「ロシア、インド、中国は、BRICSなど一連の統合組織のコアとなっている。しかし、インドの上海協力機構加盟で RICは全ユーラシア空間を作り変え、全く新たなスタートを切らせることになる。具体的には、中央アジアにおける過激主義とテロの不拡散においてロシア、インド、中国の協力関係が活性化する。また、エネルギー分野での協力の機会も新たに生じるだろうし、ロシアとインドの間の経済協力の発展に対する主要な障害、つまりインドを大陸の主要部分から切り離しているパキスタンやヒマラヤのために、しかるべきインフラが欠如しているという事実も除去される。イランとコーカサス越しにインドとロシアを、さらには北ヨーロッパを結ぶ南北輸送回廊プロジェクトの活性化も期待される。これは、シルクロードプロジェクトの枠組みの中で発展している物流を論理的かつ幾何学的に補完するものであり、たとえば空コンテナの逆流問題を解決できる。」
スプートニク:モスクワのRIC外相会議ではシリア、ウクライナなど一連の国際問題も討議された。ロシアはこうした問題でもインドと中国の支持を期待できるだろうか。

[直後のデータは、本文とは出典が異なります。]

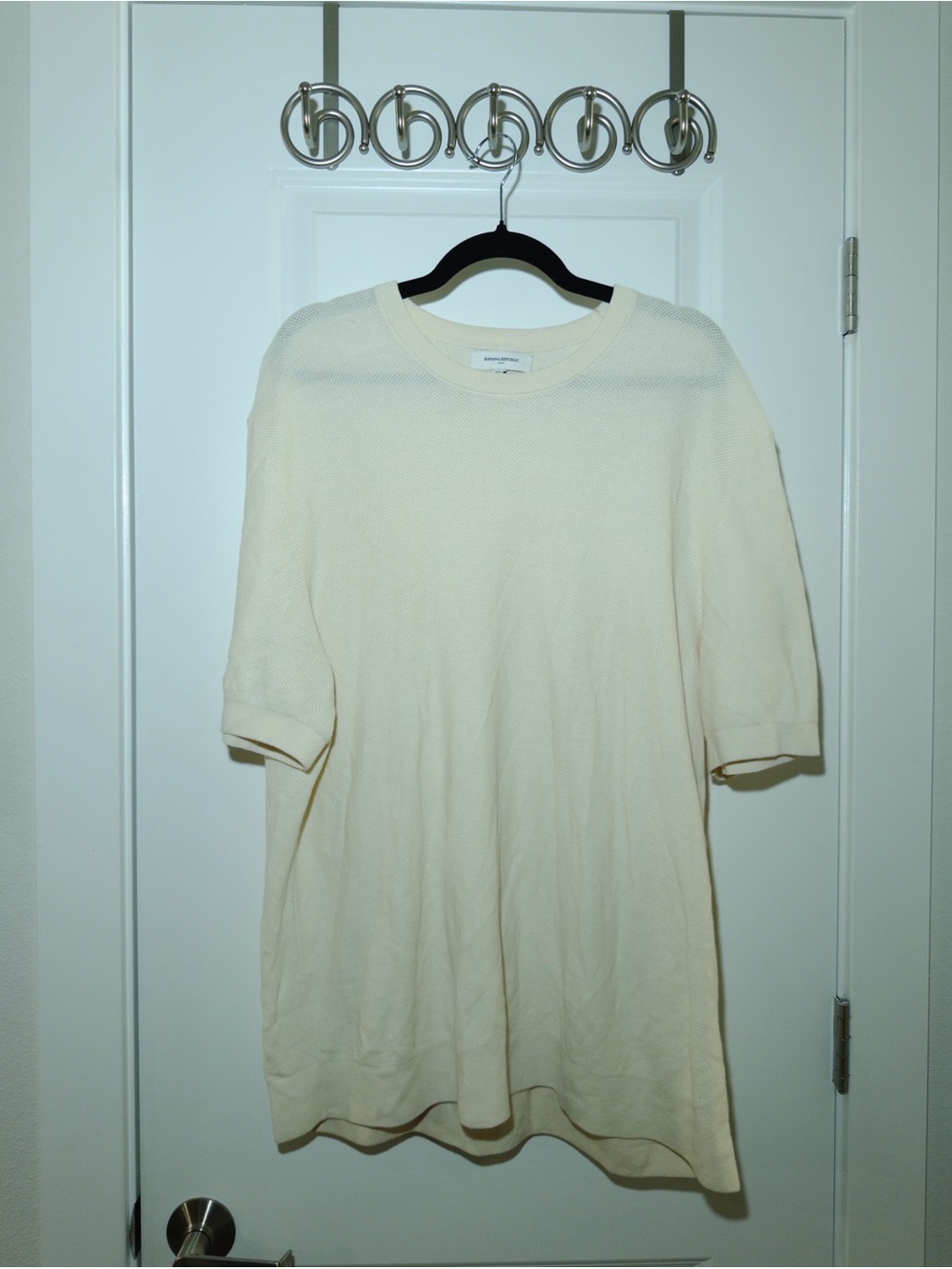 Banana Republic Cream Crewneck Short-Sleeve Sweater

「そのような問題では、各当事者が自分の利益を第一に追求している。インドと中国自体が分離主義の問題に直面しているということを心に留めておくべきだ。ゆえに、たとえばクリミアの問題で顕著な支持を期待することはできない。しかし、インドと中国は賢明な立場をとっている。領土保全の原則への忠誠を表明し、同時に、当該地域におけるロシアの国益の存在も認めている。だからこそインドも中国も、ロシアへのクリミアの再統合をめぐる状況について非難をしていない。」
スプートニク:米国と日本は積極的にインドとの関係を発展させている。彼らは明らかにインドをロシアと中国から引き離そうとしている。この方針に成功の余地はあるだろうか。
「中国とのバランスになるような同盟国の輪をアジアにかけること。それが米国の黄金の夢だ。米国は中国に真っ向から立ち向かう準備ができておらず、時がたつほどにその余地は少なくなっていく。ゆえに米国は戦略を変え、伝統的な同盟国である日本と韓国、さらにはインドやベトナムの力を借りて中国を抑止しようとしている。おそらく、例えばインドと米国との関係発展など、ある種の傾向が、インドは反中国ブロックに参加する用意があるのでは、とコメンテーターが語る根拠となっている。しかし、インドはバランス政策、非対立的政策を追求しており、中国に対するバランスとなる気はない。
中国は米国とアラブ首長国連邦と並ぶ、インドの三大パートナーの一つだ。先週の金曜日、私たちはちょうどRIC閣僚会議をテーマに北京との電話会議を持った。中国の参加者は、インドは独立した外交政策をとっている、と言っていた。二国間関係に複雑な問題が存在し、インド国内でも政治家や専門家の視点がずれているにも関わらず、中国との対立に入るつもりはないようだ、と述べていた。」
ボリス・ヴォルホンスキイ氏によれば、1990年代後半に、当時のロシア外務大臣エフゲニー・プリマコフ氏によって提唱されたモスクワ-デリー-北京という協力フォーマットは批判または嘲笑にさらされたが、それが今こそ徐々に実現しつつある。インドと北京の関係改善はまた、BRICSと上海協力機構という、ロシアが創設者の一人となった多国間フォーラムへの参加にも貢献する。